In this case, the sheet stack is nipped between the upper pressing member 83A and the lower pressing member 83B, and thus, the sheets constituting the sheet stack are joined together by pressure.

In this exemplary embodiment, the upper pressing member 83A is moved by the crank member 513. However, this is merely an example, and the upper pressing member 83A may be moved by pressing a noncircular cam against the upper pressing member 83A or a portion that moves in conjunction with the upper pressing member 83A.

In this exemplary embodiment, the upper pressing member 83A is advanced toward and retracted from the lower pressing member 83B. However, the lower pressing member 83B or both the upper pressing member 83A and the lower pressing member 83B may be advanced and retracted.

FIGS. 5A and 5B show the pressing member pair 81, as viewed in an arrow V direction in FIG. 3.

As shown in FIG. 5A, the pressing member pair 81 includes the upper pressing member 83A and the lower pressing member 83B.

The lower pressing member 83B includes a base part 41 extending in the left-right direction in FIG. 5A. The lower pressing member 83B also includes multiple projections 42 that project upward from the base part 41 and are arranged side-by-side in the left-right direction in FIG. 5A. The multiple projections 42 that are arranged side-by-side in one direction (i.e., the longitudinal direction of the lower pressing member 83B; hereinbelow, “projection arrangement direction”) form projection row 44.

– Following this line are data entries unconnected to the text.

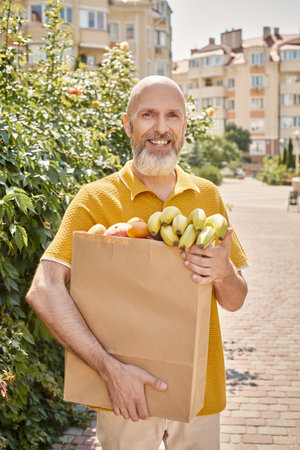 cheerful mature male customer posing outside with paper bag full of fruits and smiling at cameraの写真素材
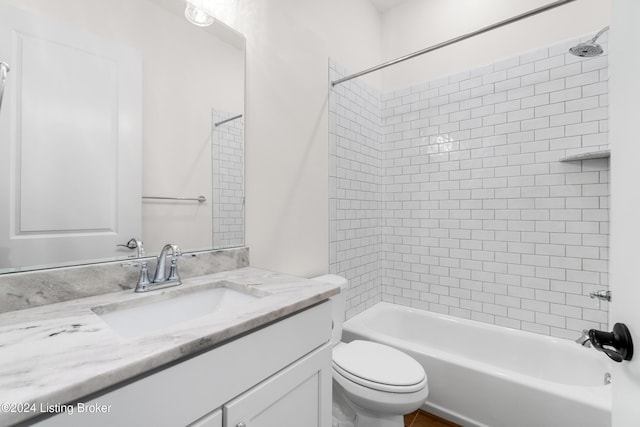 full bathroom featuring vanity, toilet, and tiled shower / bath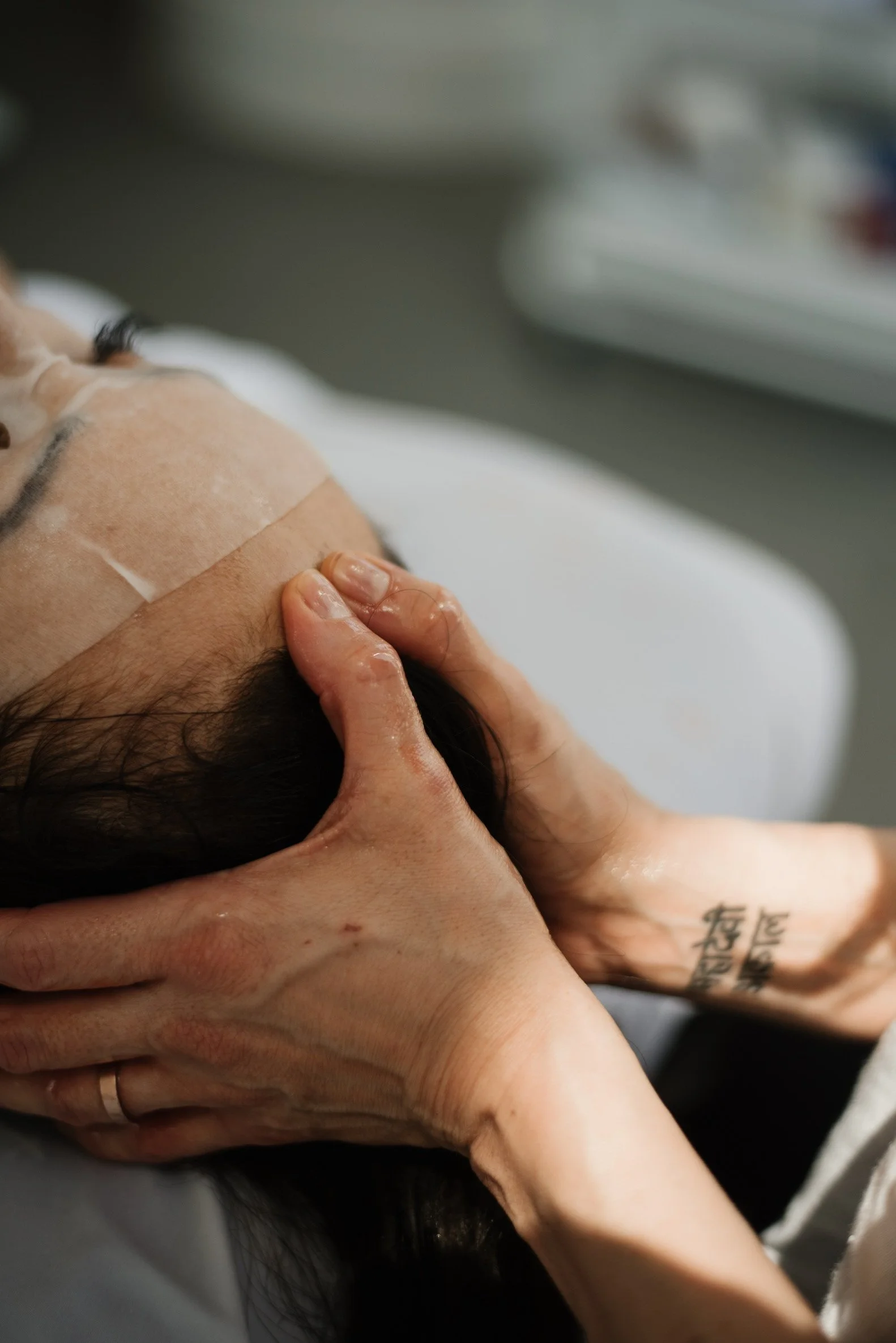 A person receiving a head massage or treatment, with hands gently holding their head. The person has dark hair and is lying down.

The projection row 44 (multiple projections 42) includes lower projections 42A, which have a small height, and higher projections 42B, which have a large height.

The amount by which the lower projections 42A project from the base part 41 is smaller than the amount by which the higher projections 42B project from the base part. In other words, the lower projections 42A and the higher projections 42B have apexes 45 at their ends in the projecting direction, and the apexes 45 of the lower projections 42A are closer to the base part 41 than the apexes 45 of the higher projections 42B are.

In this exemplary embodiment, the lower projections 42A are provided at the ends of the projection row 44 in the projection arrangement direction. Multiple lower projections 4A are provided at each end of the projection row 44.

In other words, the projection row 44 has one end 44A and the other end 44B at different positions in the projection arrangement direction, and multiple (in this exemplary embodiment, two) lower projections 42A are provided at each of the one end 44A and the other end 44B.

More specifically, in this exemplary embodiment, multiple lower projections 42A are provided at both ends of the projection row 44 in the projection arrangement direction.

In this exemplary embodiment, among the projections 42 in the projection row 44, the projections 42 located on the extreme ends in the projection arrangement direction are the lower projections 42A.

More specifically, in this exemplary embodiment, among the multiple projections 42 provided in the lower pressing member 83B, at least the projection 42 located on the extreme left side and the projection 42 located on the extreme right side are the lower projections 42A.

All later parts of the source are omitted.